Rave On

Nov 02, 2003 04:27

Julia sent me a link to a writing course that is asking for 100 word entries to test your suitability. I don't think I want to take this kind of course, but a drabble is a drabble and the veil between the worlds was thin last night:

It’s a rainy February night. I sit pressed to the window as the Studebaker carries us aimlessly through the twilight. My mother is singing, hoping I will go to sleep, but willing to keep driving and singing if I don’t. The hum of the motor is the instrument she plays for me. “Rave on,” she sings, “and tell me not to be lonely…”

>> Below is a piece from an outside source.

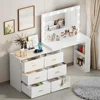 Makeup and Dressing Table with Mirror and 3-color Light, Charging Station, 6 Drawers, 2 Storage Racks, White Dressing Table 3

Now she is the one who sleeps. My family frowns as I say goodbye. “Rave on,” I sing as they close the lid, “Rave on with me…” wishing they would drive around the cemetery one more time.

This vision came to me partly through the Big Daddy version of Sergeant Pepper. Do you know their music? They do these incredibly strange and wonderfully subtle 50's do-wop covers of modern songs.

I come at this music with a great love for the 50's side of the coin, and usually I am left helpless with laughter. Cutting Their Own Groove has a version of Nothing Compares 2 U in the style of Little Richard that is mindbending, and there is a cover of Welcome to The Jungle done to The Lion Sleeps Tonight that is beyond brilliant.

Sergeant Pepper reproduces the Beatle's album in order, with amazing musical intrusions. The Great Balls of Fire version of Lucy in the Sky with Diamonds leaves me gasping for breath. But A Day In The Life opens with Buddy Holly's music. As soon as it starts, I flash to the accident I know is coming in the closing chords. It seems very immediate and real- like it had just happened to me for the first time. My mother's face, the broadcast on the radio - I was very young when Buddy died, and before this was released, I didn't know I remembered it that clearly. But I am pulled almost bodily into the past.

(I do occasionally have a little trouble about being spastic in time anyway, but usually when I get trapped, I end up being drawn back into the 1960's and all the lunacy and joy that goes with that. I try to re-live the 60's sometimes with Jim, who somehow seems to have missed them. Jim and Lee try to gift me with the 70's, knowing I slept through them on purpose, leaving a note that said "Wake me when Disco is Dead. " But so far I have managed to resist nearly everything except Brian Ferry and Roxy Music)

Then suddenly, there I am: single digits old, crying for Buddy Holly as though that pain were new, unable to explain that I am smelling wet lilacs in the dark, wishing you could wear a storm, trying to pull the rain up over my head like a sheet of silver silk, wanting my grandfather to come and take my hand. I have no idea why it happened. I will never stop being amazed at what music can do to you when you're not looking. I guess I'll never really know where all that emotion came from- sometimes the heart just needs to overflow. And, to be fair, I am much more likely to be overcome with a sudden, formless joy; the urge to "follow my bliss," so I suppose I was just marking the wheel as it turns in my heart.

Actually, I've been thinking about my mother all day, wondering how she ever managed to raise me. I must have seemed like a being from another planet to her. God knows I did to the rest of the family.

My mother had a changeling to cope with, some abyssal pelagic seasoul that crawled up and possessed the body of her first born; never at home except in the ocean, never sure what ocean I was seeking. But in the end, all that seemed to matter to her was that we loved each other. It didn't matter whether she understood what I was, she understood that I was. I don't think she would have blinked an eye to find out her baby had been switched in the intergalactic waiting room. She looked at my face and she saw my grandmother, and my great grandmother, and she loved me. I think about that now when I look in the mirror and see her.

How can you ever know what your children need? She couldn't have had a clue about what else to give me, but she knew she didn't know, and she gave me what she could and never held me back. I didn't turn out to be brave, but that wasn't her fault. She took me into the ocean before I could walk. She drove me around the dark streets of the nineteen-fifties night after night, knowing only that the sound of the wheels and the sense of being in motion made me feel safe enough to sleep. She gave me the gift of music, singing to me in all my earliest memories. She taught me to read, and then never tried to stop me, no matter what I read. Then, when the pages of books had become my wings, she held me up to the open window and let me fly. And so, all my life, the written word has been my sacrament, and the word set to music my only recreational drug.